== Task to complete ==
An exact copy is needed of the lines in the entries below from the line with "Car Game Street" up to and including the line with "Viareggio 1:10.000 887775060X Book Cover", and of nothing else. Leave the pictures out.
(Beginning of Given entries)
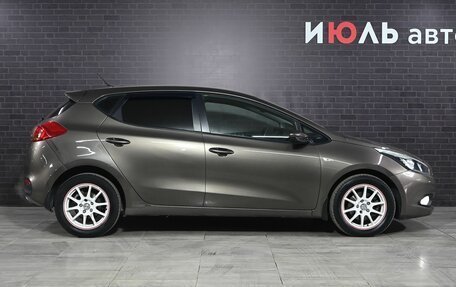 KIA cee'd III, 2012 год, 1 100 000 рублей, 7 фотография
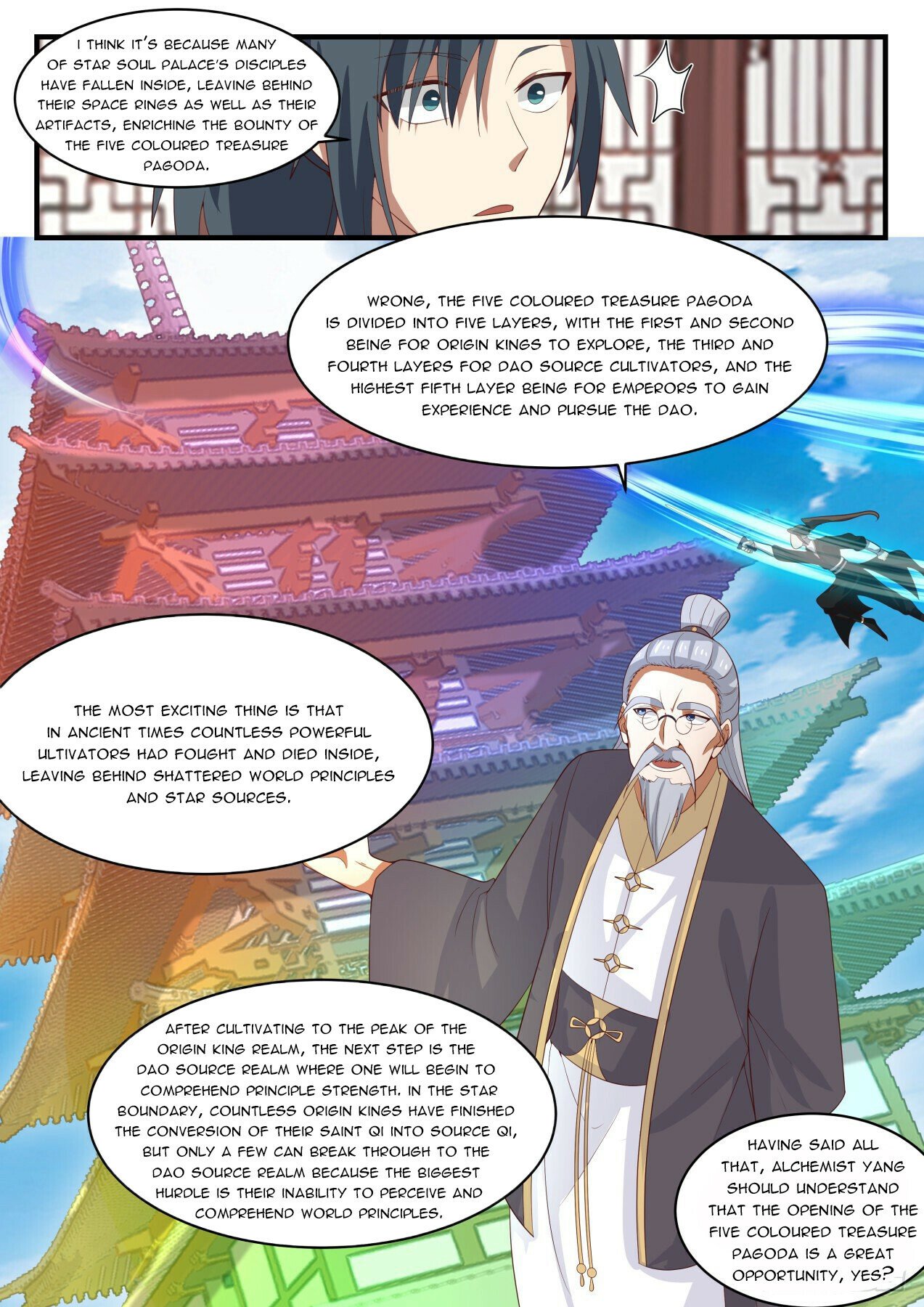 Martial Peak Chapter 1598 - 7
(End of Given entries)
(Beginning of Given entries)
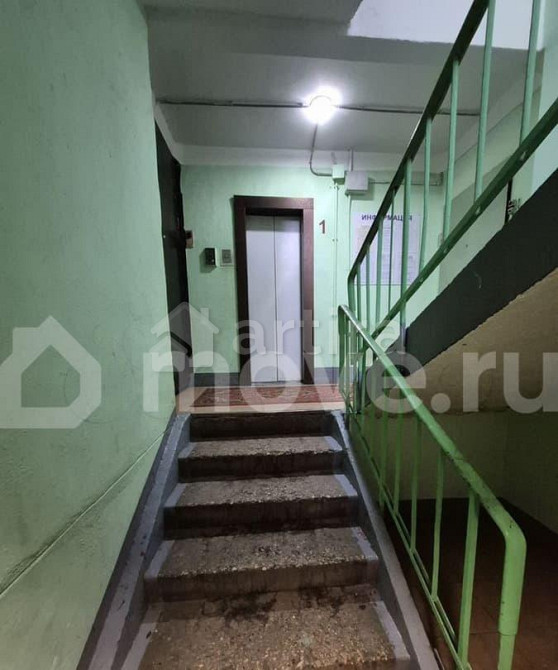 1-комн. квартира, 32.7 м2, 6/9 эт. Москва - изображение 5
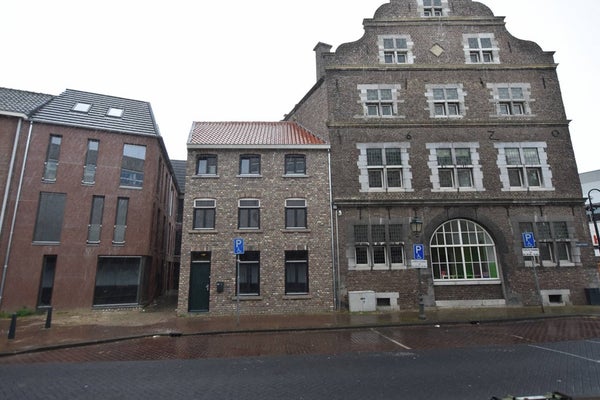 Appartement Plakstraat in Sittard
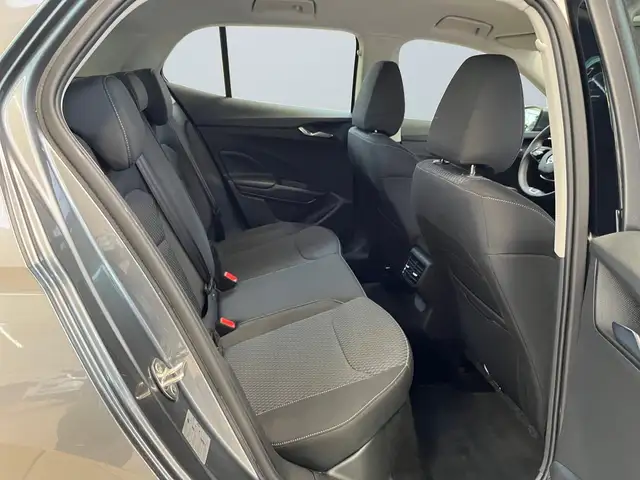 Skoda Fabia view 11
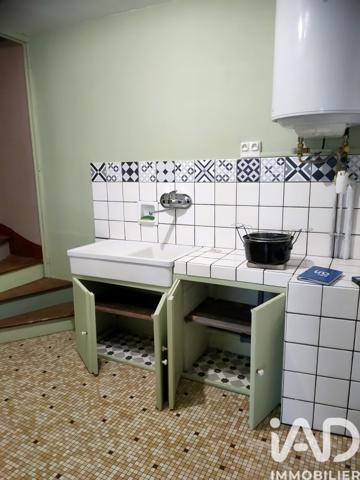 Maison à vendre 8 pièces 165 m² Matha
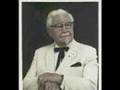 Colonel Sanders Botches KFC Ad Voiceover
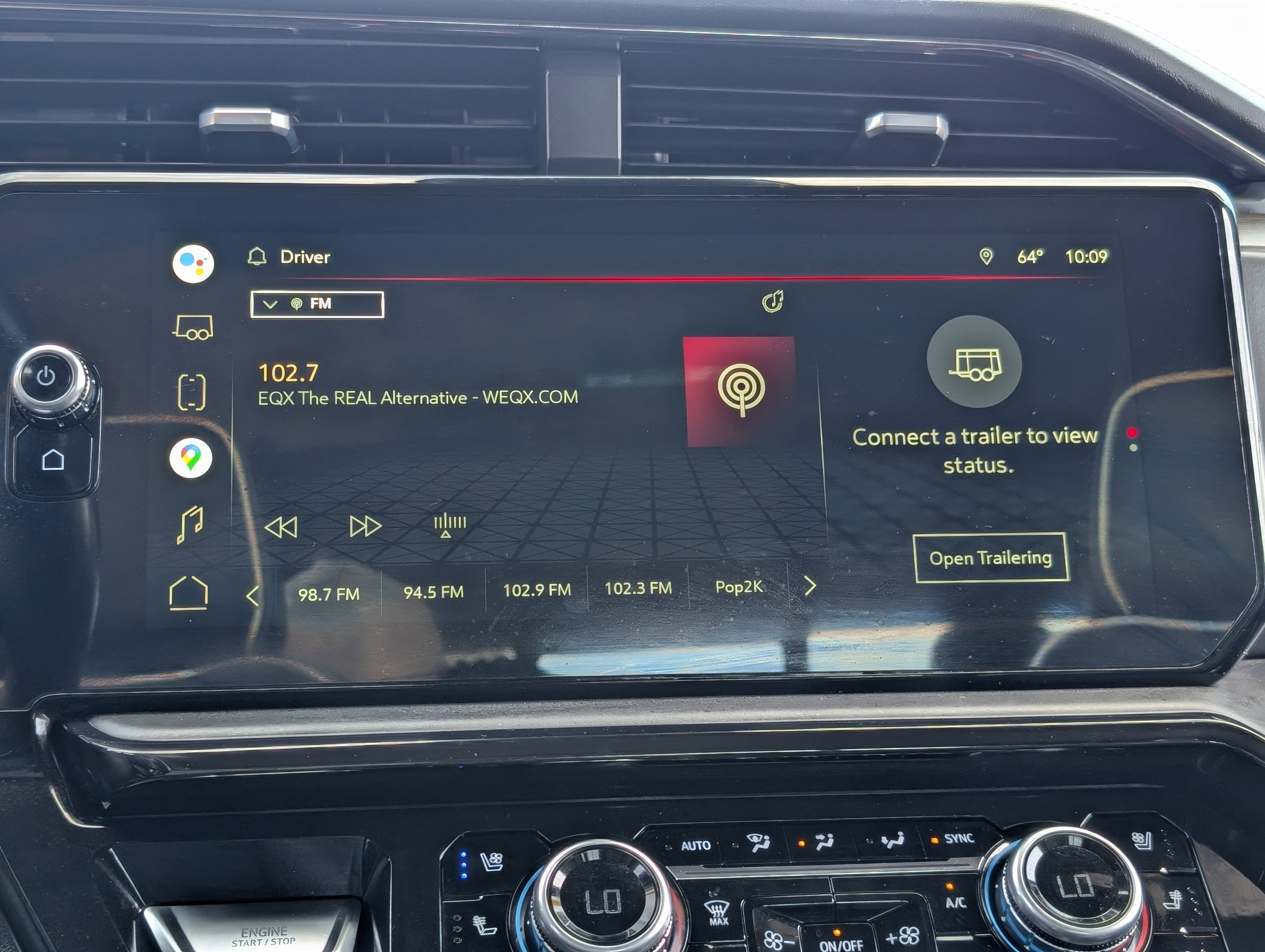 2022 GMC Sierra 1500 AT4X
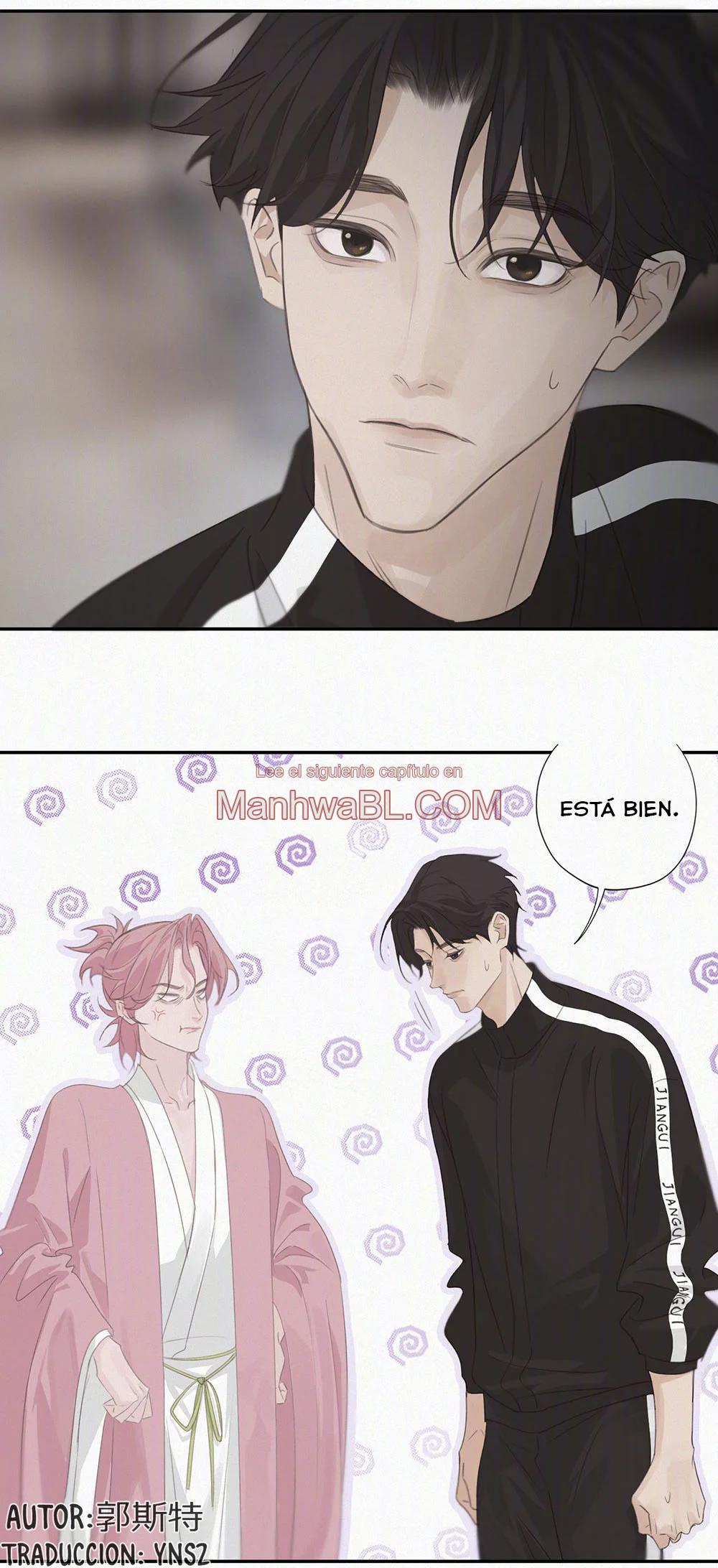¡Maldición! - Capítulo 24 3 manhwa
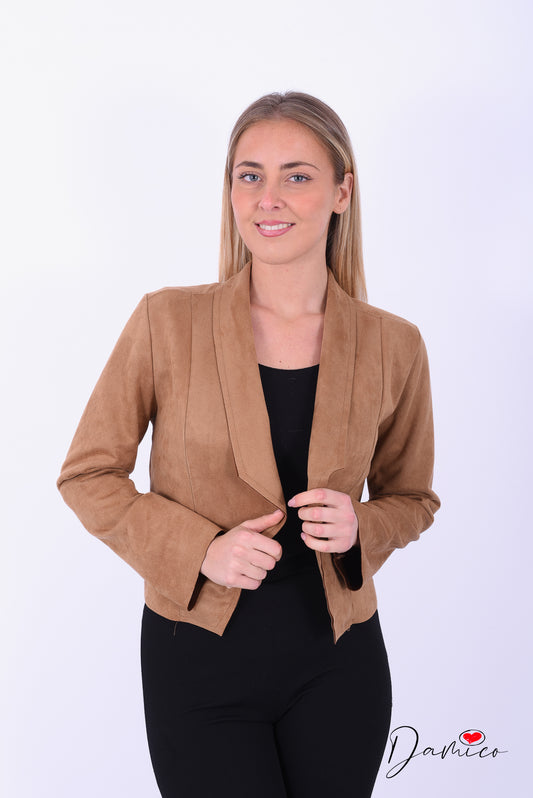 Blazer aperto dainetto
(End of Given entries)
(Beginning of Given entries)
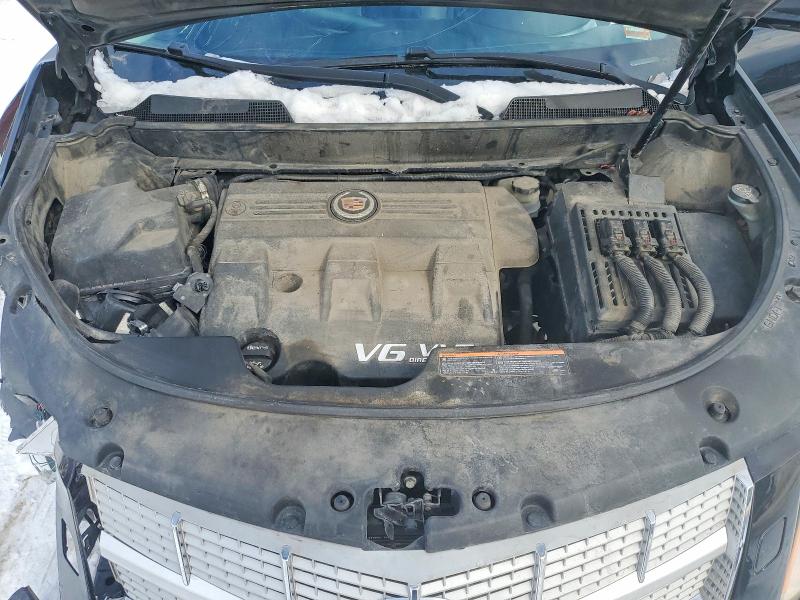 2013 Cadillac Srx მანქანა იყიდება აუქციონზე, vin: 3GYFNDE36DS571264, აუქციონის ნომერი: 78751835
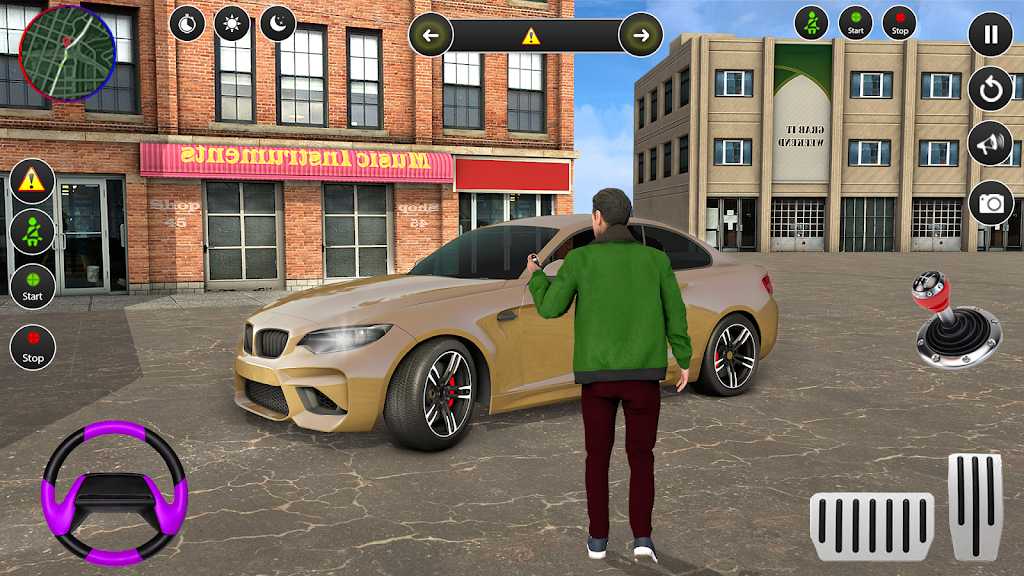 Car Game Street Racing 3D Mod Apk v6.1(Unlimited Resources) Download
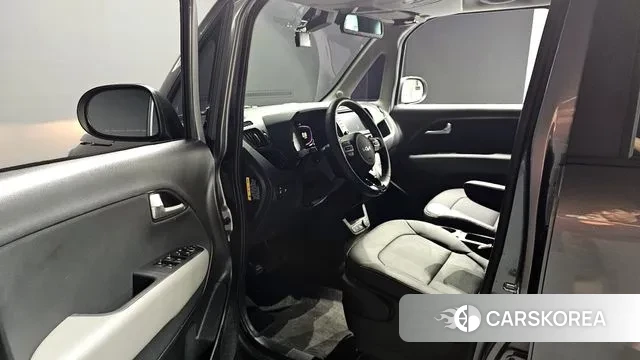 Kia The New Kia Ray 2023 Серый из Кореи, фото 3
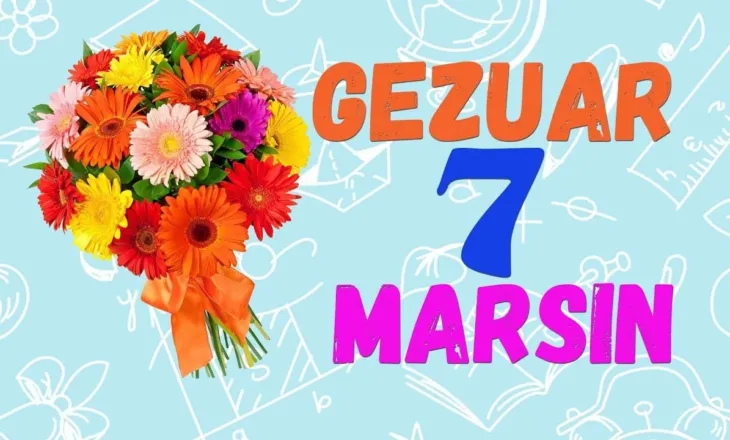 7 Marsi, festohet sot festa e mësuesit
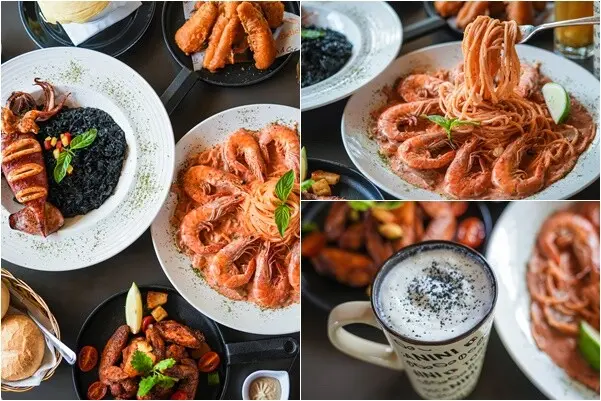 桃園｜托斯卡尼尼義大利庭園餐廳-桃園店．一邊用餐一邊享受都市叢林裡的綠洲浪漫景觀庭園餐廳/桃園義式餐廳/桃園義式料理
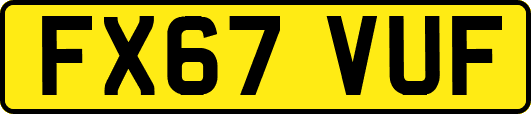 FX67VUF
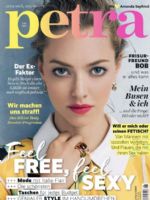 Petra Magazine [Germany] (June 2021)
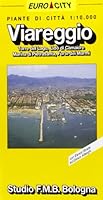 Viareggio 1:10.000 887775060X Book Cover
(End of Given entries)
== Output below ==
 Car Game Street Racing 3D Mod Apk v6.1(Unlimited Resources) Download
 Kia The New Kia Ray 2023 Серый из Кореи, фото 3
 7 Marsi, festohet sot festa e mësuesit
 桃園｜托斯卡尼尼義大利庭園餐廳-桃園店．一邊用餐一邊享受都市叢林裡的綠洲浪漫景觀庭園餐廳/桃園義式餐廳/桃園義式料理
 FX67VUF
 Petra Magazine [Germany] (June 2021)
 Viareggio 1:10.000 887775060X Book Cover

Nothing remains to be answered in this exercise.